ABOUT THIS EXERCISE:
Are you able to retype all the records below exactly?
◇ ◇ ◇ ◇ ◇
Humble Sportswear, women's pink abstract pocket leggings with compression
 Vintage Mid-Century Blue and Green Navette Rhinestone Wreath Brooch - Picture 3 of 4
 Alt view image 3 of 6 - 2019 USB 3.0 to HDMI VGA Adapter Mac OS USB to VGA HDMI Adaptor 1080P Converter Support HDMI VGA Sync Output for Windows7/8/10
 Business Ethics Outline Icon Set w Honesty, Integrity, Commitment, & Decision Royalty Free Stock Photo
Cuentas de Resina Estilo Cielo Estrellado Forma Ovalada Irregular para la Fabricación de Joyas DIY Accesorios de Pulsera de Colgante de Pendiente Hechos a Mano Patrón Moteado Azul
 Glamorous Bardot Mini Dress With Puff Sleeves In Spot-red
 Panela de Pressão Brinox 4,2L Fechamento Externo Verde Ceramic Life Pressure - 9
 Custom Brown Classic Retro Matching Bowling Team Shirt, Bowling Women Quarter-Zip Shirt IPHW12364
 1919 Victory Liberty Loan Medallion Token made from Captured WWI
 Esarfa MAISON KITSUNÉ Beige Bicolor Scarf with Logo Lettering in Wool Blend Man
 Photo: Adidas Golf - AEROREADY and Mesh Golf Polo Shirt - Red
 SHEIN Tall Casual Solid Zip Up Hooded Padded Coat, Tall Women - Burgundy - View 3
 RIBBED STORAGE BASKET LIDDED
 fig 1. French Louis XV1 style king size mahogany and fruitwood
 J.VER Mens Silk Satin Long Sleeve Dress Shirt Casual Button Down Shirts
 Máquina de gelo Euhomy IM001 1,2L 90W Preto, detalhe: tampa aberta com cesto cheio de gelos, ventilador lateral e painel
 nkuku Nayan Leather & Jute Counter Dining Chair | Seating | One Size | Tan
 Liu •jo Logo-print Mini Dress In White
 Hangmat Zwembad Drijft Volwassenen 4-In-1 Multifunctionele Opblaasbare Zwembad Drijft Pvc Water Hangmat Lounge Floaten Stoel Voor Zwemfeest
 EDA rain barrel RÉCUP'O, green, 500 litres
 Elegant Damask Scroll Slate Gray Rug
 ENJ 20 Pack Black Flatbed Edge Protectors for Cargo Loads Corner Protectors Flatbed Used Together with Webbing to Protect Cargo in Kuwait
◇ ◇ ◇ ◇ ◇
SOLUTION TO THIS PROBLEM:
Humble Sportswear, women's pink abstract pocket leggings with compression
 Vintage Mid-Century Blue and Green Navette Rhinestone Wreath Brooch - Picture 3 of 4
 Alt view image 3 of 6 - 2019 USB 3.0 to HDMI VGA Adapter Mac OS USB to VGA HDMI Adaptor 1080P Converter Support HDMI VGA Sync Output for Windows7/8/10
 Business Ethics Outline Icon Set w Honesty, Integrity, Commitment, & Decision Royalty Free Stock Photo
Cuentas de Resina Estilo Cielo Estrellado Forma Ovalada Irregular para la Fabricación de Joyas DIY Accesorios de Pulsera de Colgante de Pendiente Hechos a Mano Patrón Moteado Azul
 Glamorous Bardot Mini Dress With Puff Sleeves In Spot-red
 Panela de Pressão Brinox 4,2L Fechamento Externo Verde Ceramic Life Pressure - 9
 Custom Brown Classic Retro Matching Bowling Team Shirt, Bowling Women Quarter-Zip Shirt IPHW12364
 1919 Victory Liberty Loan Medallion Token made from Captured WWI
 Esarfa MAISON KITSUNÉ Beige Bicolor Scarf with Logo Lettering in Wool Blend Man
 Photo: Adidas Golf - AEROREADY and Mesh Golf Polo Shirt - Red
 SHEIN Tall Casual Solid Zip Up Hooded Padded Coat, Tall Women - Burgundy - View 3
 RIBBED STORAGE BASKET LIDDED
 fig 1. French Louis XV1 style king size mahogany and fruitwood
 J.VER Mens Silk Satin Long Sleeve Dress Shirt Casual Button Down Shirts
 Máquina de gelo Euhomy IM001 1,2L 90W Preto, detalhe: tampa aberta com cesto cheio de gelos, ventilador lateral e painel
 nkuku Nayan Leather & Jute Counter Dining Chair | Seating | One Size | Tan
 Liu •jo Logo-print Mini Dress In White
 Hangmat Zwembad Drijft Volwassenen 4-In-1 Multifunctionele Opblaasbare Zwembad Drijft Pvc Water Hangmat Lounge Floaten Stoel Voor Zwemfeest
 EDA rain barrel RÉCUP'O, green, 500 litres
 Elegant Damask Scroll Slate Gray Rug
 ENJ 20 Pack Black Flatbed Edge Protectors for Cargo Loads Corner Protectors Flatbed Used Together with Webbing to Protect Cargo in Kuwait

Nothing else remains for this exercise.